Over the past few days, I, as a Dalit woman, have been trying hard to understand the reasons why the entry of two women into the Sabarimala temple was being hailed as a momentous victory for women’s rights in India. I must confess that I attempted in vain to try and see the logic behind this celebration. Finally, the only way I could wrap my head around this was to temporarily stop thinking as a Dalit woman.

I struggled to make this shift in my head. I told myself not to think about ‘intersectionality’. I kept telling myself to analyse this phenomenon in a vacuum (read: without caste). I tried to build a rationale in my head about the need for understanding this only through a ‘gender’ lens. Think as a ‘woman’, not as a Dalit woman, I kept repeating to myself. [I later figured why I could not do this – read on. You will know why.]
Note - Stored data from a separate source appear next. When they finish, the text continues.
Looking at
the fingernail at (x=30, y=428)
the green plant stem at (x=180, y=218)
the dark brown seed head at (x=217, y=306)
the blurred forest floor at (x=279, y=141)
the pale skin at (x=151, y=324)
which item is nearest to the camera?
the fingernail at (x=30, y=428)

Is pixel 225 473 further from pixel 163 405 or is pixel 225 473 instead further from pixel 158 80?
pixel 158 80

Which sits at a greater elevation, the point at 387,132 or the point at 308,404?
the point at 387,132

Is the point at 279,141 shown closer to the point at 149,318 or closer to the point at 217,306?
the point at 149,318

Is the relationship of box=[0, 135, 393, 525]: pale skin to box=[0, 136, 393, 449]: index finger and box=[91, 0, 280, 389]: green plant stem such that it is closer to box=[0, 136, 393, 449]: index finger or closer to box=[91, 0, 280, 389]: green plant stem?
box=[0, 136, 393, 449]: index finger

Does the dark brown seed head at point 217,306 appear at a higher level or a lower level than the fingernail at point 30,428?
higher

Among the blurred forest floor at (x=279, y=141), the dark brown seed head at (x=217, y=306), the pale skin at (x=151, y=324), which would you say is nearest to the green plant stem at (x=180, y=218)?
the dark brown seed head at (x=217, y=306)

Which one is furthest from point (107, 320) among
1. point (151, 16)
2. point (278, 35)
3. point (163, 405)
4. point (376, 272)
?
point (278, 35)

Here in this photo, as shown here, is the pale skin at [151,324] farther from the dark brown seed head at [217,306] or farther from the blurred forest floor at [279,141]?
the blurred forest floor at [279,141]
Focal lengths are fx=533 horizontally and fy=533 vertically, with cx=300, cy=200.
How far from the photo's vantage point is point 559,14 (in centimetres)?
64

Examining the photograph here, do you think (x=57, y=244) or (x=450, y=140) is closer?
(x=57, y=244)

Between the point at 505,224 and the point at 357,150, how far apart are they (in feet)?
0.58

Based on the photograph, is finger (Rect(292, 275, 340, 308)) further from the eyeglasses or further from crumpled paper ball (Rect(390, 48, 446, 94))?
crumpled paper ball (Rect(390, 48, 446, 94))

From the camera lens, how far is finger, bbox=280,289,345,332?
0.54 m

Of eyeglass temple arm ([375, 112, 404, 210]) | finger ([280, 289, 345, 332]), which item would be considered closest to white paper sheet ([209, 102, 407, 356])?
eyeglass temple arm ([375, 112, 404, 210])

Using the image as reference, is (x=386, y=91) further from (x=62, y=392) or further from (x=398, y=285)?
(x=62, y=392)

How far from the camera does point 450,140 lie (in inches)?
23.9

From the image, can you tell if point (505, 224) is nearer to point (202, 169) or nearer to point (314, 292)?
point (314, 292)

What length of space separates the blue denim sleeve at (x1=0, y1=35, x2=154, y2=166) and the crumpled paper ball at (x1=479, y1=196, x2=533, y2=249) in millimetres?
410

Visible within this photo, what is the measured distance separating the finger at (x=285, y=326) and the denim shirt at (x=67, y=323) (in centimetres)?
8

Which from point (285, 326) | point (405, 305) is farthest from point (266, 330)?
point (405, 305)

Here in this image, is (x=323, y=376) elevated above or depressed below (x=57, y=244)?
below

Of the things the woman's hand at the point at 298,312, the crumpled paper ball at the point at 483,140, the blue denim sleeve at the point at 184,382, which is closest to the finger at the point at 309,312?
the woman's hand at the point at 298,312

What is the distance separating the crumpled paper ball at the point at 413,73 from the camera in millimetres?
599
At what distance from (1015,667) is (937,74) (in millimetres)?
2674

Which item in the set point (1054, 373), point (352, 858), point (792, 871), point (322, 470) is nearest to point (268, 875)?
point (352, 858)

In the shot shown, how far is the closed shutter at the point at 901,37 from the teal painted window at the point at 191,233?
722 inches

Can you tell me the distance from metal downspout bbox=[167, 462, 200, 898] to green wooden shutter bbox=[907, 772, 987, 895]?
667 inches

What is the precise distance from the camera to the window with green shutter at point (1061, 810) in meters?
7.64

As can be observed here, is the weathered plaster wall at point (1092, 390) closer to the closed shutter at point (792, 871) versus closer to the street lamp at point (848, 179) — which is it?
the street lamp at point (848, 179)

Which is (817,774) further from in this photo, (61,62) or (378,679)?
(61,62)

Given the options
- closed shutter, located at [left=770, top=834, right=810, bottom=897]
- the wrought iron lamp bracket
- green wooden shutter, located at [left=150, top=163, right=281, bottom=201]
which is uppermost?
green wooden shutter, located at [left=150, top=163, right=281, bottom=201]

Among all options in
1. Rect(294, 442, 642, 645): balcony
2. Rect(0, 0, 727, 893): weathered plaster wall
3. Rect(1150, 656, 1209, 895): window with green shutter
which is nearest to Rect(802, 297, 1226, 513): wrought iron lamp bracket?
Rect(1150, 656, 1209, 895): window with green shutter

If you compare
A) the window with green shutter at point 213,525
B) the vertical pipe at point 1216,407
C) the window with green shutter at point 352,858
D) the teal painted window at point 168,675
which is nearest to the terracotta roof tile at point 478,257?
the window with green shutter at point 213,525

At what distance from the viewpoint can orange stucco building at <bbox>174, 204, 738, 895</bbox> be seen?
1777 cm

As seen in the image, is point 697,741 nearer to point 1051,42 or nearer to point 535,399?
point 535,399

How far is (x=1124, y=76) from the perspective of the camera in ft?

What is being celebrated? Who are the folks calling this a big step forward in women’s rights? How does the entry into the Sabarimala temple signal freedom for women?

Clearly, the people celebrating this victory at Sabarimala are predominantly dominant caste Hindu women. No single person is ever representative of the entire community and the same holds true for Dalit women as well. From an anti-caste feminist stand-point, the savarna-led feminist movement’s pressure to see this as a great victory for women – all the while being caste-blind – is reductionist, self-centred and hypocritical. There are three reasons I say so.

Dismantling patriarchy for gender equality?
For a long time, I assumed that the feminist movement in India aimed to puncture patriarchy. This primarily indicates that the path to gender equality meant freedom from male control, which in turn meant applying the brakes on obeisance to men.

For the life of me, I do not understand how ‘patriarchy’ is attacked when women devotees bow down before male priests and a male celibate god? Where in this spectrum lies the end of misogyny? So can somebody please explain to me how and why is the savarna women-led feminist movement in India claiming this to be a historic win for women rights?